Założenia są podobne do Cardboarda. Za ekran nadal służy telefon, w nim jest większość czujników i na nim generowany jest obraz czy instalowane są aplikacje. To, co się zmieni, to dodanie API na poziomie systemu (wraz z nadejściem Androida N), launchera uruchamianego po założeniu obudowy z telefonem na głowę oraz ustalenie specyfikacji bardziej rozbudowanych gogli (już nie tekturowych, z dodatkowymi pilotami w zestawie).
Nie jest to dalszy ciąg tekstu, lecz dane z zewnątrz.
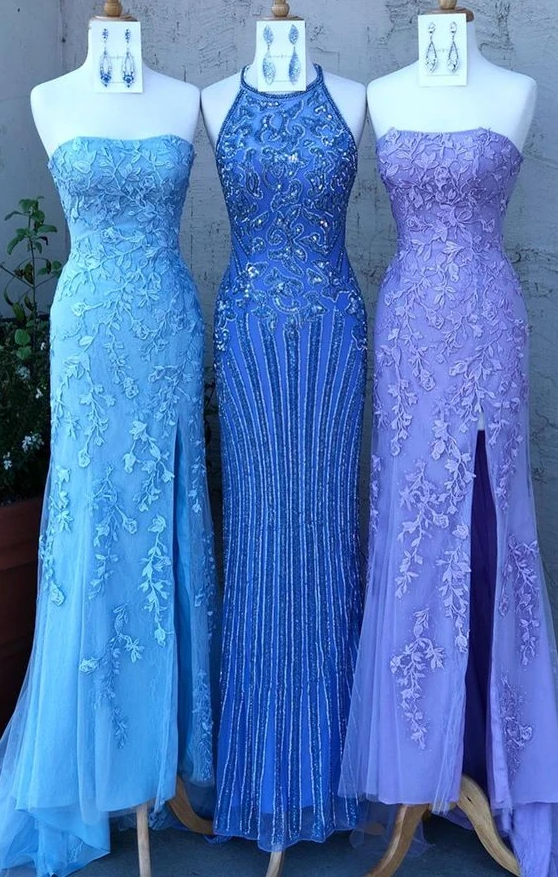 Mermaid Long Prom Dresses, Blue Lace Prom Dresses, Formal Evening Party Dresses,pl2476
Pojawią się też wymagania dla samych smartfonów (sporo tańszych modeli nie ma przykładowo odpowiednio dokładnych akcelerometrów czy żyroskopów). Nie jest wykluczone, że z czasem samo Google zaoferuje odpowiednią obudowę dla smartfonów zgodną z wymaganiami Daydream.
Obecnie firma z Mountain View potwierdziła, że telefony zgodne z platformą Daydream będą produkować Samsung, HTC, LG, Xiaomi, Huawei, ZTE, Asus i Alcatel. O goglach niestety na razie nie wiadomo nic poza referencyjnym projektem udostępnionym przez Google. Choć zapewne będą one droższe od Cardboarda.